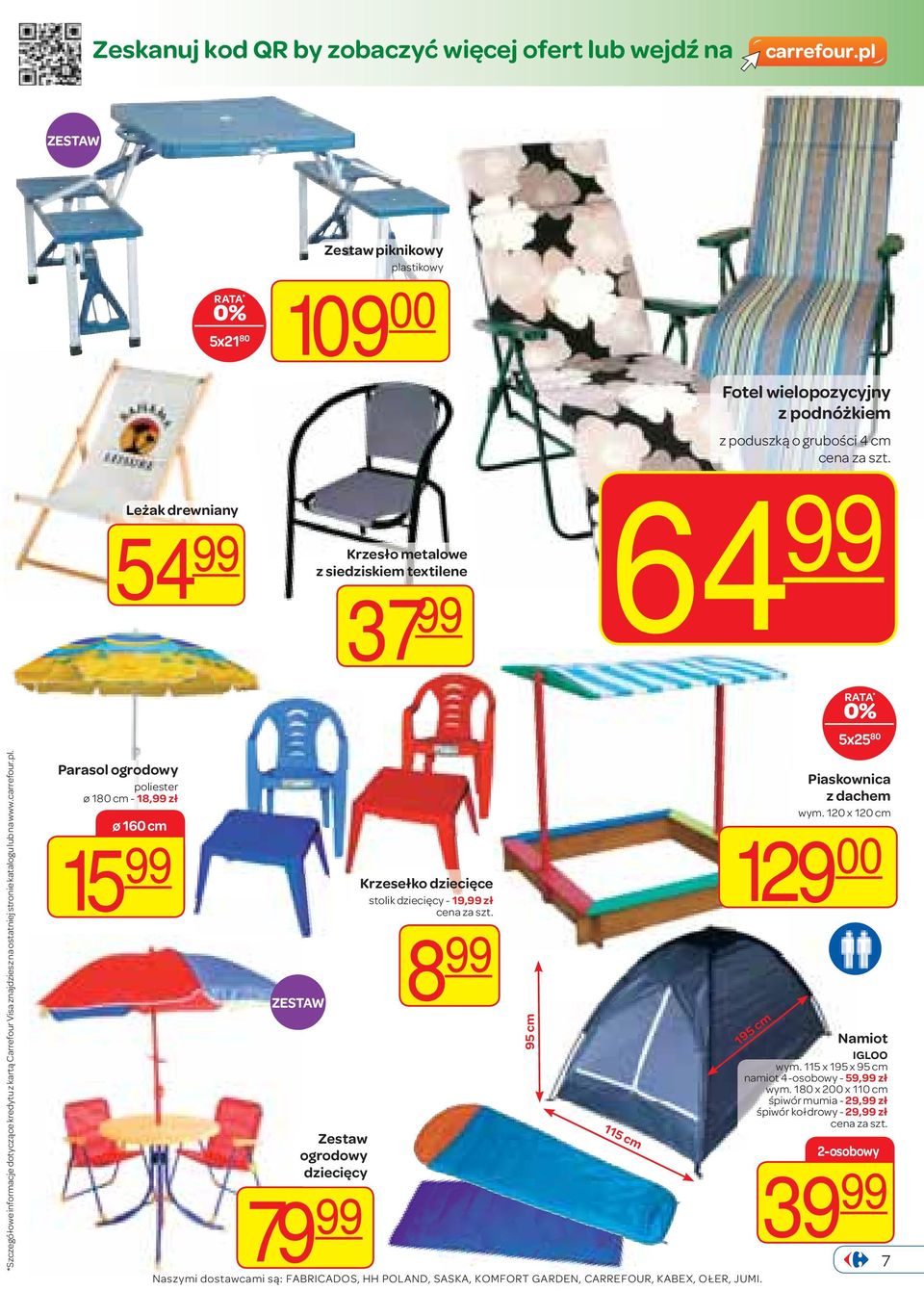 Parasol ogrodowy poliester ø 180 cm - 18, zł ø 160 cm 15 ZESTAW Zestaw ogrodowy dziecięcy 79 Krzesełko dziecięce stolik dziecięcy - 19, zł 8 115 cm Naszymi dostawcami są: FABRICADOS, HH POLAND,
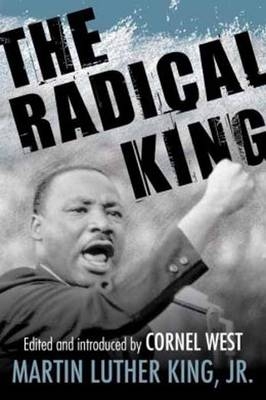 The Radical King - Dr. Martin Luther King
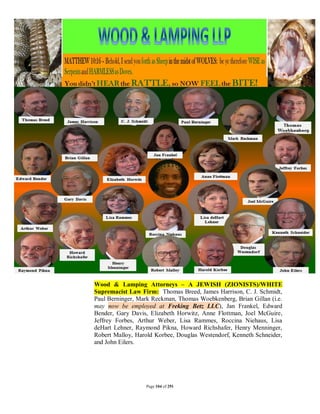 Wood & Lamping Attorneys – A JEWISH (ZIONISTS)/WHITE
Supremacist Law Firm: Thomas Breed, James Harrison, C. J. Schmidt,
Paul Berninger, Mark Reckman, Thomas Woebkenberg, Brian Gillan (i.e.
may now be employed at Freking Betz LLC), Jan Frankel, Edward
Bender, Gary Davis, Elizabeth Horwitz, Anne Flottman, Joel McGuire,
Jeffrey Forbes, Arthur Weber, Lisa Rammes, Roccina Niehaus, Lisa
deHart Lehner, Raymond Pikna, Howard Richshafer, Henry Menninger,
Robert Malloy, Harold Korbee, Douglas Westendorf, Kenneth Schneider,
and John Eilers.




                  Page 104 of 291
 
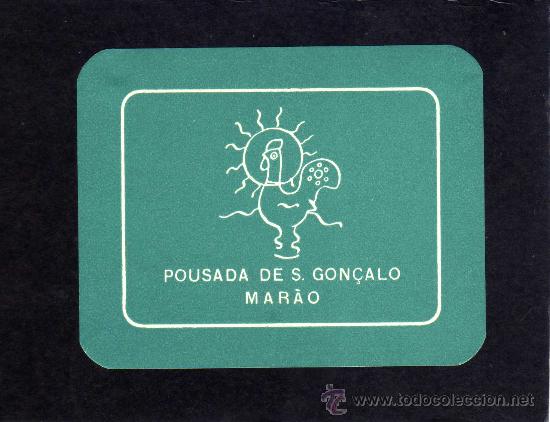 Etiquetas antiguas: ETIQUETA HOTEL - POUSADA DE S. GON&Ccedil;ALO - MARAO - PORTUGAL.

════════════════

_YOUR GOAL_
Please copy out each line of the data in which the word "Thomas" occurs.

_WRITTEN RESPONSE_
Supremacist Law Firm: Thomas Breed, James Harrison, C. J. Schmidt,
Paul Berninger, Mark Reckman, Thomas Woebkenberg, Brian Gillan (i.e.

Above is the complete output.